Dickerson Creek Culvert Replacement
Integrated biological, environmental and geotechnical services for a complex fish passage and habitat-enhancement project.
Fish are a critical natural resource in Washington State. Salmonid species are the backbone of the state’s fishing industry and an important cultural icon for Washington Tribes, but over the last century fish populations have been decimated—in part due to human infrastructure. Culverts and bridges often create obstacles that prevent salmonid fish from accessing their historical upstream spawning and rearing habitat. To correct this ecological and economic issue, departments of transportation and local municipalities are working to remove these fish barriers by renovating or replacing stream crossings.
Kitsap County wanted to replace two existing fish barrier culverts conveying Dickerson Creek under David Road and Taylor Road and decided to take the opportunity to also restore and enhance riparian and floodplain habitat along the entire reach between these two road crossings, as well as downstream to the confluence with Chico Creek. GeoEngineers completed habitat characterization, environmental permitting, and geotechnical engineering design for the project. The team also provided biologic monitoring to ensure that sensitive fish species would not be harmed during construction.

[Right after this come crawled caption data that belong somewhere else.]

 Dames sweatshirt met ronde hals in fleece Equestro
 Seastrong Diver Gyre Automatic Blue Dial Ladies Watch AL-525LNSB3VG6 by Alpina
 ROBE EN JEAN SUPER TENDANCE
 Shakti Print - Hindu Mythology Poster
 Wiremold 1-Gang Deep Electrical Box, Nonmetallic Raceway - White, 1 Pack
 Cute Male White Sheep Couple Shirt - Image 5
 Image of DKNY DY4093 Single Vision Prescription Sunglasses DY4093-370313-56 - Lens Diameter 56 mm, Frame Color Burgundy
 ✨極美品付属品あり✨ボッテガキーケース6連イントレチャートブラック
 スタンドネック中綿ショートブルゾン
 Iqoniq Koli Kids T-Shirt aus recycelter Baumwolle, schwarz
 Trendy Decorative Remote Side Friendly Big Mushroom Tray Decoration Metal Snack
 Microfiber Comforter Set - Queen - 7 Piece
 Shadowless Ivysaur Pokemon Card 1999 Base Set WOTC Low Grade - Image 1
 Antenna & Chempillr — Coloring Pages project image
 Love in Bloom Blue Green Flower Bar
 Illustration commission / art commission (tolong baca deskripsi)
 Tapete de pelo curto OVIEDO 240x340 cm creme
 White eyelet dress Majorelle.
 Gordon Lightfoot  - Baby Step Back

Our scientists identified a nearby section of another creek with limited human impacts to use as a “reference reach.” The team performed habitat characterization along both the reference reach and project reach to identify specific design objectives and criteria for improvements that could be incorporated. Habitat recommendations included identifying floodplain expansion areas, specifying the quantity and type of large woody material added to the in-stream habitat, and a comprehensive riparian planting plan.
GeoEngineers’ team worked closely with project-lead Northwest Hydraulic Consultants on an in-water work plan that would satisfy the requirements of the many regulatory agencies involved. Our biologists secured permits for and then monitored the complex dewatering and fish-removal plan necessary to complete construction. Dickerson Creek was diverted after GeoEngineers staff worked with others to safely remove and relocate fish from the channel.
In addition to environmental and biologic services, GeoEngineers delivered geotechnical recommendations for the two culverts. The team investigated the site and found the soil competent enough for shallow spread footings but advised that to construct them Dickerson Creek would need to be temporarily dewatered or redirected around work areas.
- Habitat Characterization: Biologists researched information on streams, wetlands, and priority plant, fish and wildlife species documented within the vicinity before performing on-site assessments. Habitat characterization included a wetland delineation, Ordinary High-Water Mark (OHWM) determination and in-stream habitat assessment. The team found a nearby “reference reach” with few human impacts and used it as a guide for habitat baselines.
- Environmental Permitting: As environmental consultant, GeoEngineers secured a Nationwide Permit (NWP) from the U.S. Army Corps of Engineers for compliance with the Clean Water Act, Endangered Species Act consultation with the National Marine Fisheries Service using a programmatic Biological Opinion process, and a Fish Habitat Enhancement Hydraulic Project Approval (FHE-HPA) from the Washington Department of Fish and Wildlife.
- Habitat Enhancement: The client asked GeoEngineers to provide a detailed riparian planting plan to restore and enhance habitat in this reach of Dickerson Creek.
- Biological Monitoring Services: During the in-water work window, GeoEngineers scientists monitored and supervised work area isolation and fish removal activities as areas of Dickerson Creek were dewatered and diverted to allow construction.
- Geotechnical Recommendations: GeoEngineers investigated and characterized soil conditions at the two culvert sites and recommended shallow spread footings to support the new designs. The team also delivered recommendations for temporary cut slopes, fill, groundwater handling and shoring. The team’s previous experience with culverts also led them to suggest design features that would reduce the risk of scour.
The project successfully constructed new, fish-friendly culverts for Dickerson Creek under David Road and Taylor Road, along with approximately 800 feet of enhanced floodplain and riparian habitat that will support fish and the overall health of the stream system. Without barriers at these two crossings, salmonid fish can once again access upstream spawning and rearing habitat.